§ **SUPPLIED INFORMATION**:
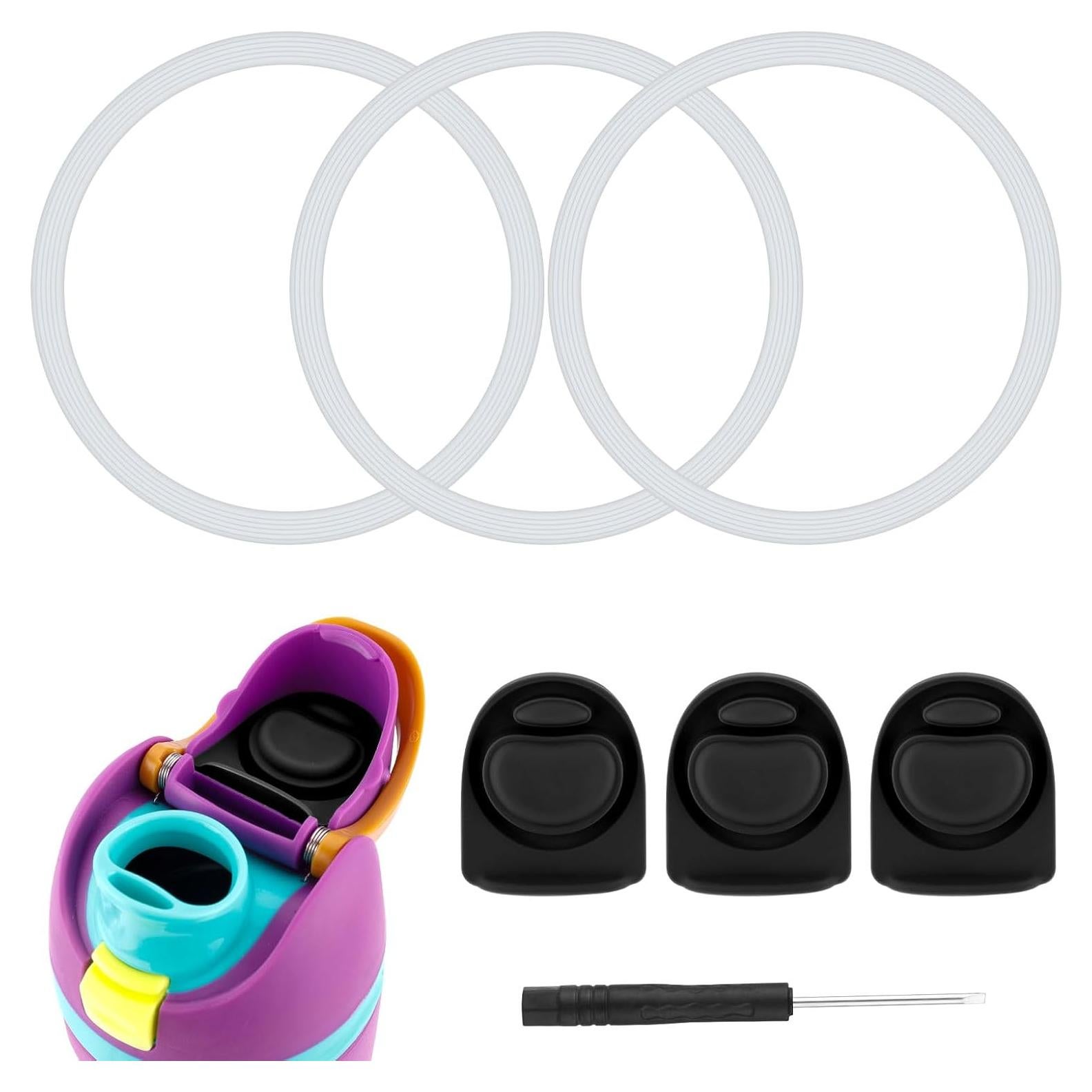 Kit 3 Tapones y 3 Anillos de Silicona BOXOB para Botellas Owala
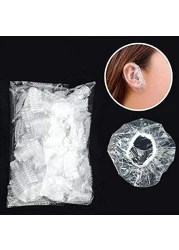 Generic-CK762 100Pcs Earmuffs Clear Disposable Ear Caps Ear Protector Covers Hair Dye Shield Protector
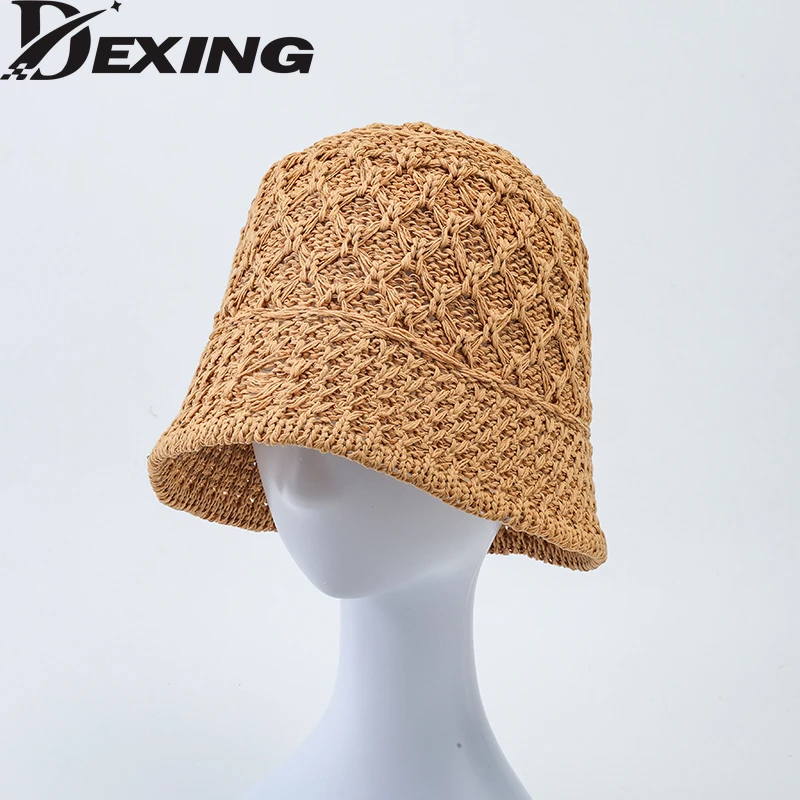 Breathable Crochet Soid  Bucket Hat Sunscreen Beach Hat  Straw Hat Women's Summer Fisherman Hat  Designer buckethat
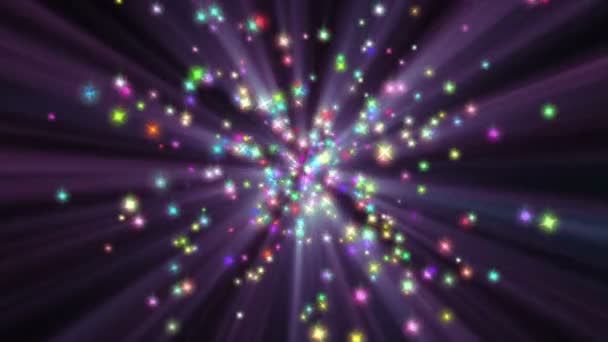 Stars particle color explosion ray — Stock Video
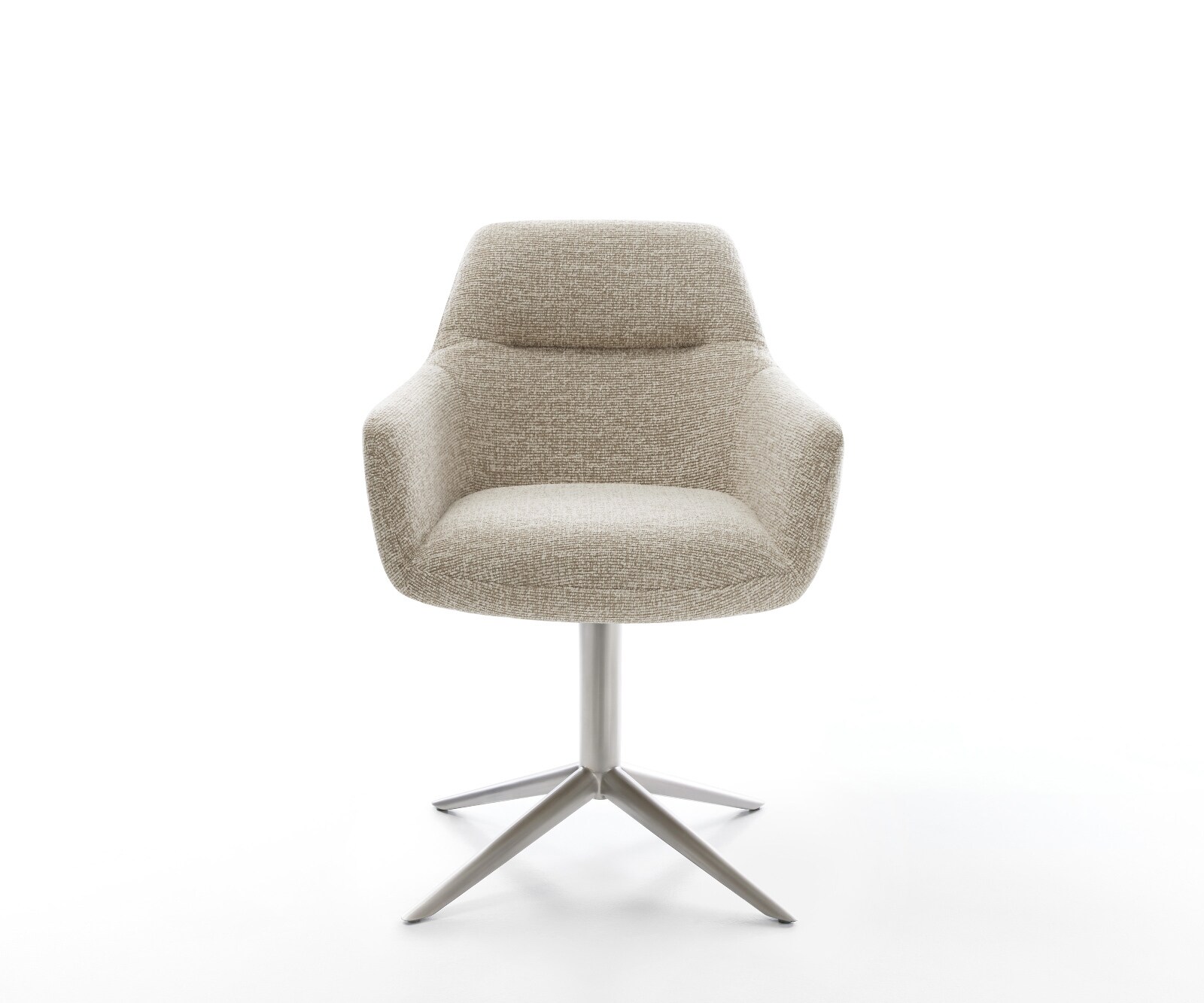 Chaise-pivotante Pejo-Flex tissu tissé doux beige pied de chaise 4 branches acier inoxydable pivotement sur 360° fonction bascule resorts ensachés 2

§ **WORK INSTRUCTION**: Give back exactly the lines from the one containing "Generic-CK762 100Pcs Earmuffs" through the last line above, both included, and none of the pictures.

§ **REPLY**:
 Generic-CK762 100Pcs Earmuffs Clear Disposable Ear Caps Ear Protector Covers Hair Dye Shield Protector
 Breathable Crochet Soid  Bucket Hat Sunscreen Beach Hat  Straw Hat Women's Summer Fisherman Hat  Designer buckethat
 Stars particle color explosion ray — Stock Video
 Chaise-pivotante Pejo-Flex tissu tissé doux beige pied de chaise 4 branches acier inoxydable pivotement sur 360° fonction bascule resorts ensachés 2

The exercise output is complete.